11. No Right to Maintain Continuous Service Status. Neither the Plan nor any Award shall confer upon Optionee any right with respect to continuing Optionee’s Continuous Service Status with the Company, nor shall they interfere in any way with Optionee’s right or the Company’s right to terminate such relationship at any time, with or without Cause.
12. Substitution. The Option substitution evidenced by this Agreement is made in accordance with Treas. Reg. § 1.424-13, and shall be interpreted consistent with that intent. Any provisions in this Agreement or the Plan which provide for an additional benefit as described in Treas. Reg. § 1.424-1(a)(5)(v) and Treas. Reg. § 1.424-1(a)(10), Example 5, as measured against the Prior Option (as defined in the Notice) and the Prior Plan (as defined in the Notice), shall be disregarded. Notwithstanding the foregoing, nothing in this Agreement transfers any liability for taxes (including interest and penalties) from Optionee to the Company or any other entity or person.

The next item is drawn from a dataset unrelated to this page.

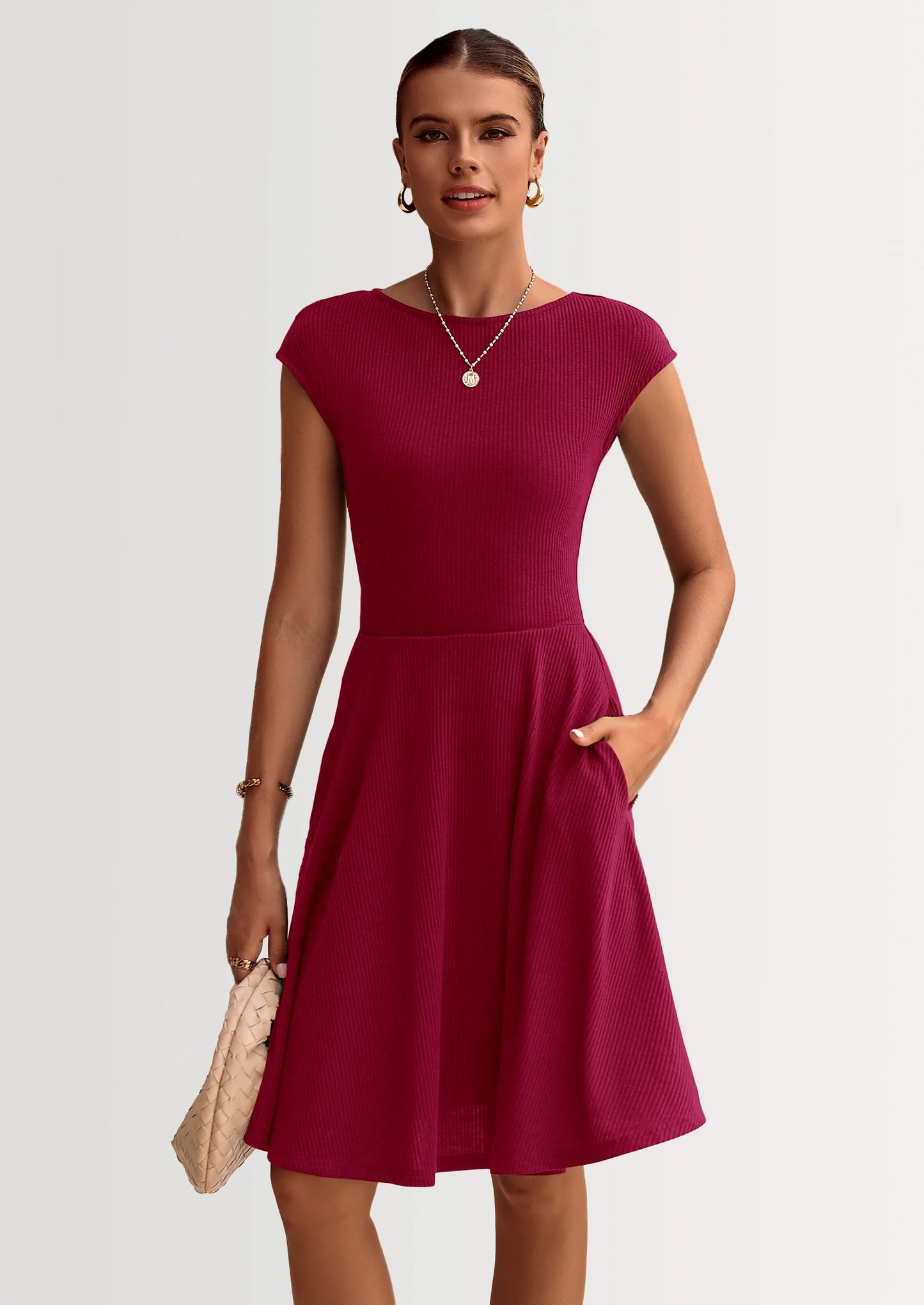 Womens Short Summer Dress Crewneck Cap Sleeve Ribbed Knit Casual Flowy A Line Mini Sundresses with Pockets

13. Effect of Agreement. Optionee acknowledges receipt of a copy of the Plan and represents that he or she is familiar with the terms and provisions thereof (and has had an opportunity to consult counsel regarding the Option terms), and hereby accepts this Option and agrees to be bound by its contractual terms as set forth herein and in the Plan. Optionee hereby agrees to accept as binding, conclusive and final all decisions and interpretations of the Committee regarding any questions relating to the Option. In the event of a conflict between the terms and provisions of the Plan and the terms and provisions of the Notice and this Agreement, the Plan terms and provisions shall prevail. The Option, including the Plan, constitutes the entire agreement between Optionee and the Company on the subject matter hereof and supersedes all proposals, written or oral, and all other communications between the parties relating to such subject matter.
3 To be updated to refer to “Treas. Reg. § 1.409A-1(b)(5)v)(D)” for any employees who hold NSOs. The remainder of the language in this paragraph to remain the same for NSOs.